Racial Justice Sunday 2026
[At 11am today], the Cathedral will be hosting our Diocese’s main service for Racial Justice Sunday; and on March 1st, the Bishop of Lewes will be presiding at the launch of our new Diocesan Racial Justice Toolkit. Some time ago, I was asked to contribute to this toolkit: which is a set of theological and liturgical resources—and I wrote a little piece that considers the Church’s work of racial justice by taking the event at Pentecost in the Acts of the Apostles as a response to the trouble around the Tower of Babel in the Book of Genesis.
As you will recall, the Tower of Babel story is a story about human hubris. Earthlings decide to build their way to heaven—like Bellerophon riding the wingéd-horse Pegasus to Mount Olympus. And just as Zeus causes Bellerophon to fall, so God confounds the building project—and does so, specifically, by introducing linguistic diversity, thus disrupting their ability to communicate with one another, and so, cooperate with each other. Diversity, in this story, is a problem.

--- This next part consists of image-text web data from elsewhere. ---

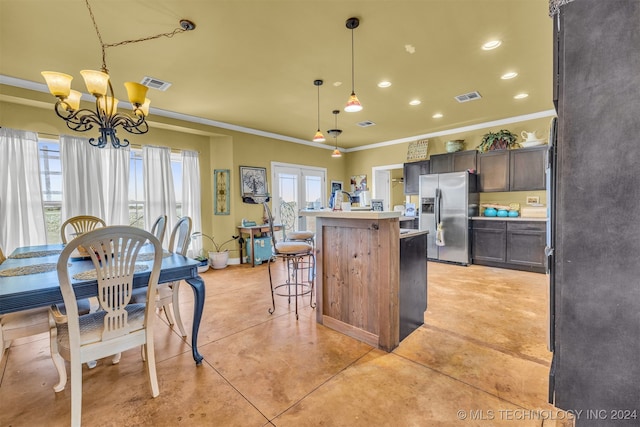 kitchen featuring a chandelier, hanging light fixtures, stainless steel refrigerator with ice dispenser, ornamental molding, and a kitchen bar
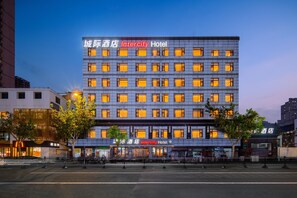 Un hôtel à plusieurs étages, doté de fenêtres illuminées et d’une enseigne indiquant « Intercity Hotel ».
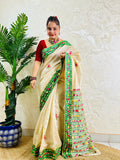 Handwoven Parsi Gara Semi Muga Silk saree with multicolour butti florals and emerald green velvet Kardana embroidered border — standing front view, Desi Aadat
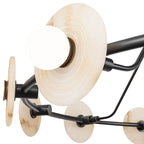Close detail of one Clérachic chandelier head, a ribbed alabaster disc with its brass socket ring and opal globe bulb.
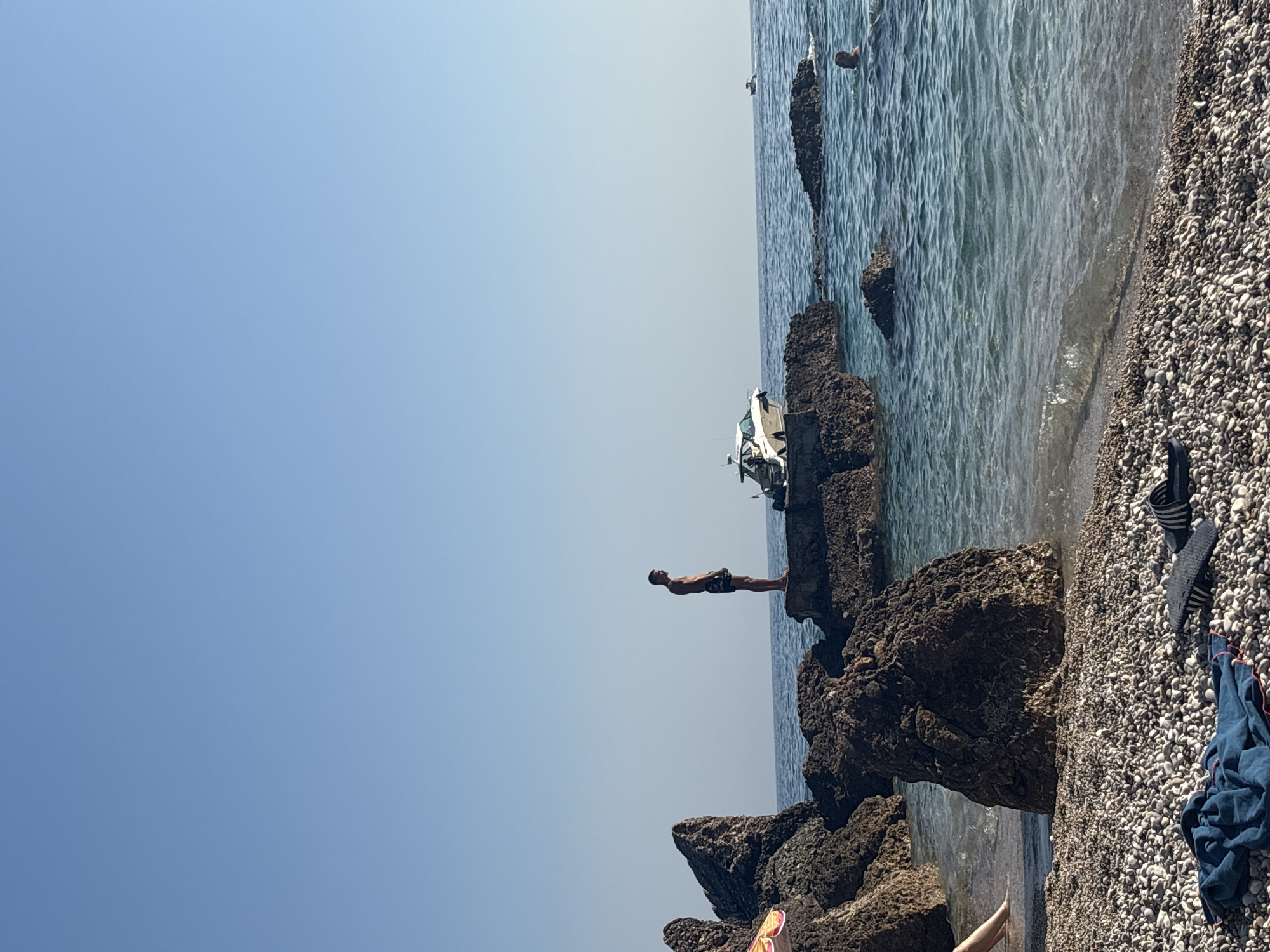 A man stands on a rock formation at the edge of the Adriatic Sea in Drobnići, Montenegro. The man, wearing dark swimming trunks, faces away from the camera, looking out at the water. Behind him, a white motorboat is docked near the rocks. The sea is calm and blue, with a clear sky overhead. In the foreground, a pebble beach is visible, with a blue towel and sandals lying on the stones. Another person is seen swimming in the water further out. The scene depicts a peaceful day at the beach.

Come, the Holy Spirit on Pentecost after the Ascension of the Lord: people are gathered from various nations, and suddenly they find themselves able to speak in one another’s tongues, but not only that but also to understand everyone else. Notably, diversity is not obliterated: the people do not suddenly speak a common language, a lingua franca—they do not all become miraculously fluent in Latin or Greek, being the languages of imperial hegemony, or even in Hebrew, being the language of the Scriptures, or in some prelapsarian language, whatever it was that Adam and Eve spoke at the dawn of creation. No: Babel is not reversed—but it is redeemed, and diversity becomes a gift and not a curse.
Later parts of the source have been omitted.